Crawled caption data
================================

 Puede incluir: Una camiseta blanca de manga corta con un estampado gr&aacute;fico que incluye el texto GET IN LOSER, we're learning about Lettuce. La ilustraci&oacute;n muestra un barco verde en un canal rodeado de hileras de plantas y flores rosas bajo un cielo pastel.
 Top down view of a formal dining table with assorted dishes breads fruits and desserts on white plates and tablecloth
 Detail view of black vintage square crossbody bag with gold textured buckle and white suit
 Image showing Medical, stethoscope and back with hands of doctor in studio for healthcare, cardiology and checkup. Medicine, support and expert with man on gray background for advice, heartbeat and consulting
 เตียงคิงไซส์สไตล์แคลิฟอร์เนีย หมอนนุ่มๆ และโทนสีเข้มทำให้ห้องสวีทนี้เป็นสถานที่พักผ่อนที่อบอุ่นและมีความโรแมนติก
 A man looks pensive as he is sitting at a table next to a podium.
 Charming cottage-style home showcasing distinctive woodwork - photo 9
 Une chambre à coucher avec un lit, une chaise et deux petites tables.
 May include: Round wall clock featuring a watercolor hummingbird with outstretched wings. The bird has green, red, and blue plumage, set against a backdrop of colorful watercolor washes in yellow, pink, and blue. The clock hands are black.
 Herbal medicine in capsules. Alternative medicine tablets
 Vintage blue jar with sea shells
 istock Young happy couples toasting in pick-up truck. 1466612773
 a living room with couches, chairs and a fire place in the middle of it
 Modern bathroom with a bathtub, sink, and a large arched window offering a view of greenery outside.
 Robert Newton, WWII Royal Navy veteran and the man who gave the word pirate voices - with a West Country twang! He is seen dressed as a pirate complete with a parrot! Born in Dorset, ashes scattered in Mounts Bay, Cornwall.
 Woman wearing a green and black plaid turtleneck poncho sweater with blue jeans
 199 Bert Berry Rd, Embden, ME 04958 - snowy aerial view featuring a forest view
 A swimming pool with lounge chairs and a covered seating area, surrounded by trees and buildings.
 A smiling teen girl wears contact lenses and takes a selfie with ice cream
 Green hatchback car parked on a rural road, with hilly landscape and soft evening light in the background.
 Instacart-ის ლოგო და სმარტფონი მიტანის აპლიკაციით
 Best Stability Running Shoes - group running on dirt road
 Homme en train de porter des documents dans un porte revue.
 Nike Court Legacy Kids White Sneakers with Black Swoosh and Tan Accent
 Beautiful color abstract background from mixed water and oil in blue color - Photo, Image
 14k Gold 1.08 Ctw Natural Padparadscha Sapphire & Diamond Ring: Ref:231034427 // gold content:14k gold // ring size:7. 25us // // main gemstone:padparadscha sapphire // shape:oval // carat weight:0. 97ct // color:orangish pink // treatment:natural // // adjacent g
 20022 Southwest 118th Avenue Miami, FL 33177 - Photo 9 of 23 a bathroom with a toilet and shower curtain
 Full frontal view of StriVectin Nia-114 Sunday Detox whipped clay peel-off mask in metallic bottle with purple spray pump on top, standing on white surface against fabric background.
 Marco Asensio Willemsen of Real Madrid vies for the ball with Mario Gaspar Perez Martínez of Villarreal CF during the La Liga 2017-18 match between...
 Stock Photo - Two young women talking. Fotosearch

================================

* What you will do *
Scan the records above for the lines holding "A man looks" and "A swimming pool". Transcribe those two and every line between them word for word, and no others.

* Exercise result *
 A man looks pensive as he is sitting at a table next to a podium.
 Charming cottage-style home showcasing distinctive woodwork - photo 9
 Une chambre à coucher avec un lit, une chaise et deux petites tables.
 May include: Round wall clock featuring a watercolor hummingbird with outstretched wings. The bird has green, red, and blue plumage, set against a backdrop of colorful watercolor washes in yellow, pink, and blue. The clock hands are black.
 Herbal medicine in capsules. Alternative medicine tablets
 Vintage blue jar with sea shells
 istock Young happy couples toasting in pick-up truck. 1466612773
 a living room with couches, chairs and a fire place in the middle of it
 Modern bathroom with a bathtub, sink, and a large arched window offering a view of greenery outside.
 Robert Newton, WWII Royal Navy veteran and the man who gave the word pirate voices - with a West Country twang! He is seen dressed as a pirate complete with a parrot! Born in Dorset, ashes scattered in Mounts Bay, Cornwall.
 Woman wearing a green and black plaid turtleneck poncho sweater with blue jeans
 199 Bert Berry Rd, Embden, ME 04958 - snowy aerial view featuring a forest view
 A swimming pool with lounge chairs and a covered seating area, surrounded by trees and buildings.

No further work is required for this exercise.